If a second tie occurs, it necessitates postponing the election, according to presiding magistrate Lucia Elishi.
The deadlock disrupted the anticipated mayoral appointment of Swakopmund Residents Association (SRA) representative Matthias Henrichsen.
According to a prior agreement, the town council coalition, which includes the SRA, the Independent Patriots for Change (IPC), and the Landless People’s Movement (LPM), has nominated Henrichsen for 2024.
The agreement, signed last week by the SRA and IPC, emerged after the 2020 local authority elections.
The coalition comprises six members: three from the IPC, two from the SRA, and one from the LPM.
This arrangement was to allow a proportional sharing of the mayoral role, with the IPC holding it for three years, followed by one year each for the SRA and the LPM.
Dina Namubes of the IPC, having served for the past three years, was expected to pass the chain to Henrichsen.

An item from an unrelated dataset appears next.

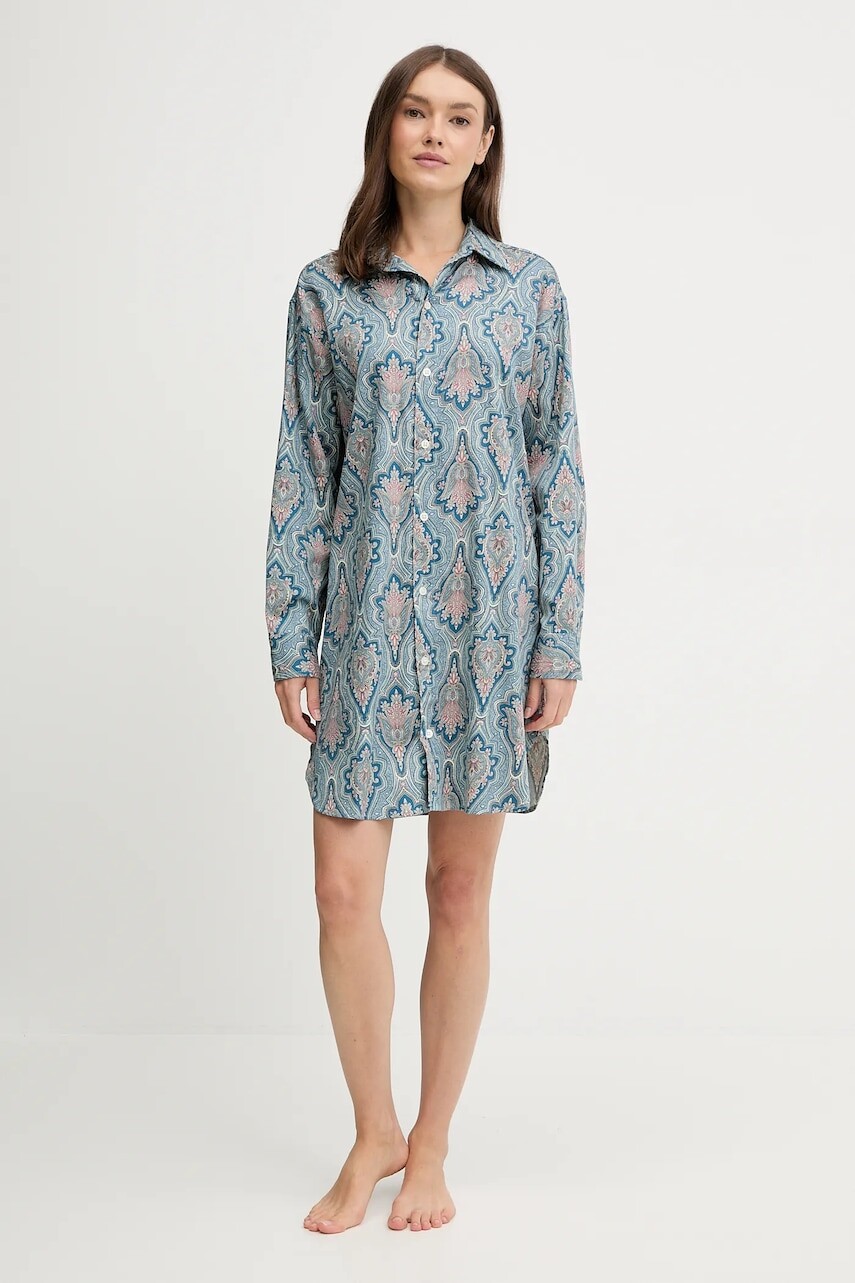 Nočná košeľa Lauren Ralph Lauren modrá farba, ILN32476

Subsequently, in 2025, LPM council member Blasius Goraseb was slated to assume the role.
Before the election, SRA chairperson John Hopkins expressed optimism about the coalition’s potential to set a collaborative example for other Namibian towns.
“We look forward to continue working together and being an example to other towns in Namibia if we can try and put our differences aside and work together for the benefit of the whole community,” he said.
However, the plan hit a snag when only eight of the 10 council members attended the election.
The nominations for mayor led to a tie between Henrichsen and Namubes, with each receiving three votes and two ‘no’ votes.
Elishi conducted a tiebreaker vote, which resulted in another tie.
Consequently, Elishi announced the postponement of the election to a future date.
SRA councillor and chairman of the management committee Wilfried Groenewald expressed disappointment and indicated a need for further deliberations.
“Not sure when the next election will be,” he said.
Goraseb lauded the past three years of coalition efficacy, noting significant community-focused changes at Swakopmund.
IPC regional chairperson Aloysius Kangulu declined to discuss specifics, emphasising confidentiality on central issues.